If action is not taken now, ECLAC points to the risk of permanent scarring in the educational and labor trajectories of the youngest generations in the region. According to the United Nations regional organization, learning losses in the Caribbean have already been measured, and, in Latin America, the percentage of young people from 18 to 24 years of age who neither study nor do pay work increased from 22.3% in 2019 to 28.7% in 2020, especially affecting young women (36% of them were in this situation, compared with 22% of men).

In addition, significant gender gaps persist in terms of performance and areas of education. Female students have poorer performances on average in mathematics and science during basic education, with deeper disparities in the lowest income quartiles.

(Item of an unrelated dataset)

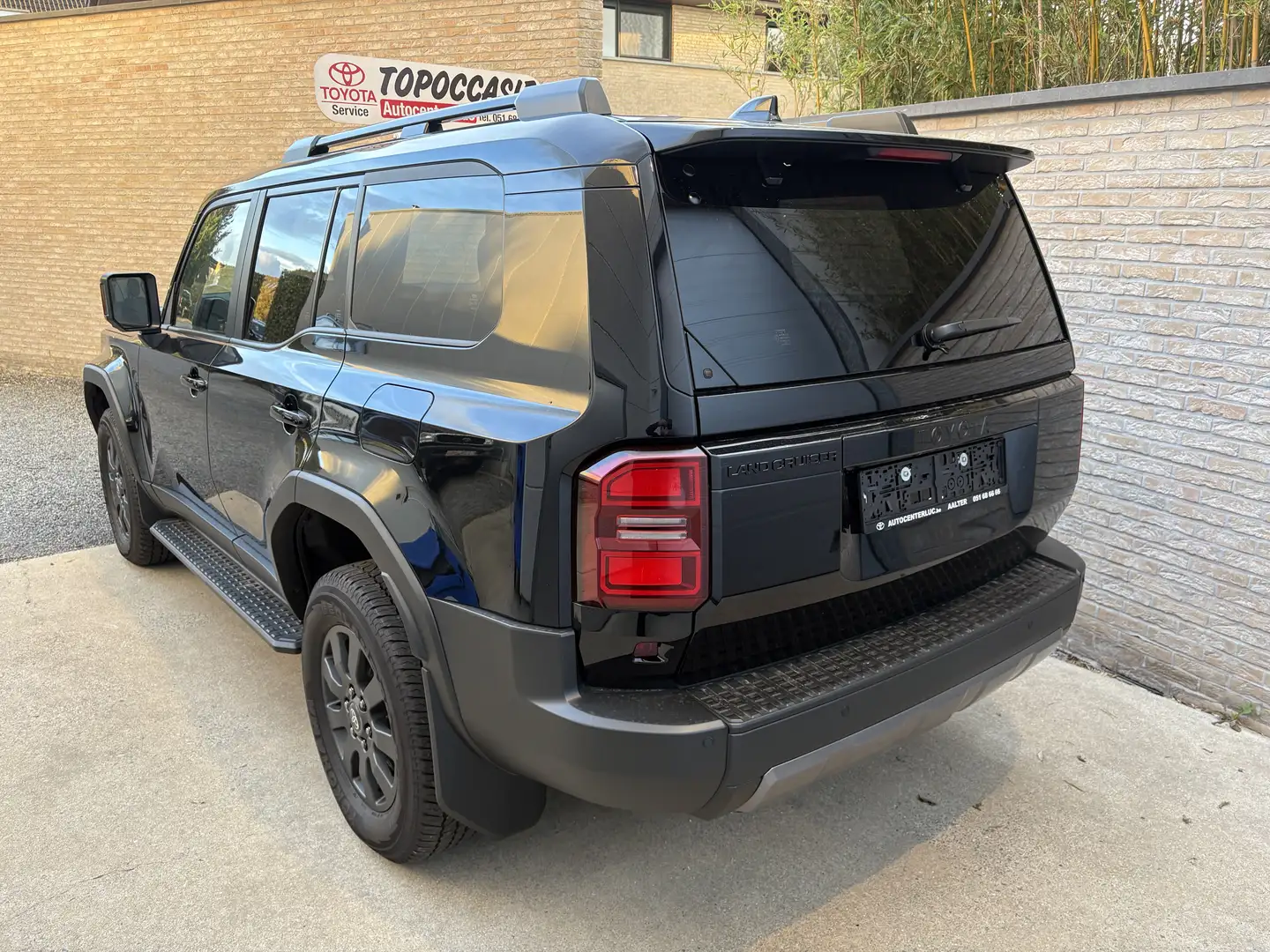 Toyota Land Cruiser Land Cruiser 2.8 D-4D VX AT/ € 66500+btw/ 350km Noir - 2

Furthermore, in the majority of the region’s countries, the proportion of female graduates in STEM (science, technology, engineering, and mathematics) fields does not exceed 40%.

Despite the progress made in recent decades on access and educational inclusion at all levels, from early childhood to higher education, the region’s countries still had serious pending issues in terms of educational equality and quality prior to the crisis prompted by the pandemic, which was already hampering efforts to achieve the targets of Sustainable Development Goal (SDG) 4 by the year 2030. In line with the United Nations Transforming Education Summit held this year, the document provides numerous policy recommendations to turn this crisis into an opportunity for transformation.

The social institutional framework is a critical factor for the effectiveness of social policies and is a cross-cutting element for achieving inclusive social development, ECLAC sustains in the Social Panorama 2022.

Social spending by the central government reached 13% of GDP in 2021 in Latin America, below the level seen in 2020 but far above what had been recorded in the last two decades. In the Caribbean, social spending reached 14.1% of GDP in 2021, marking a historic high.

In 2021, education spending amounted to 4.1% of GDP (30.5% of total social spending) in Latin America and the Caribbean.

“While public spending on education in the countries of the Organisation for Economic Co-operation and Development (OECD) in 2019 averaged 4.9% of GDP, a figure similar to that of the region (4% of GDP in 2019), spending per student in OECD is six times the equivalent in Latin America and the Caribbean in pre-primary, 5.7 times in primary, 5.3 times in secondary and 6.1 times in tertiary,” the publication specifies.

“We are facing a cascade of crises that has exacerbated the region’s inequalities and shortfalls. This is not a time for gradual changes, but instead for transformative and ambitious policies,” José Manuel Salazar-Xirinachs, ECLAC’s Executive Secretary, reiterated. “Intersectoral public policy efforts are needed that would link educational offerings to health, work, and social protection, and that would allow for establishing mechanisms to guarantee a certain level of well-being and income in an era of volatility and uncertainty,” the senior official argued, urging countries to build “new social compacts accompanied by fiscal contracts to make progress on strengthening democracy and social cohesion and to ensure the financial sustainability of social protection systems in the region.”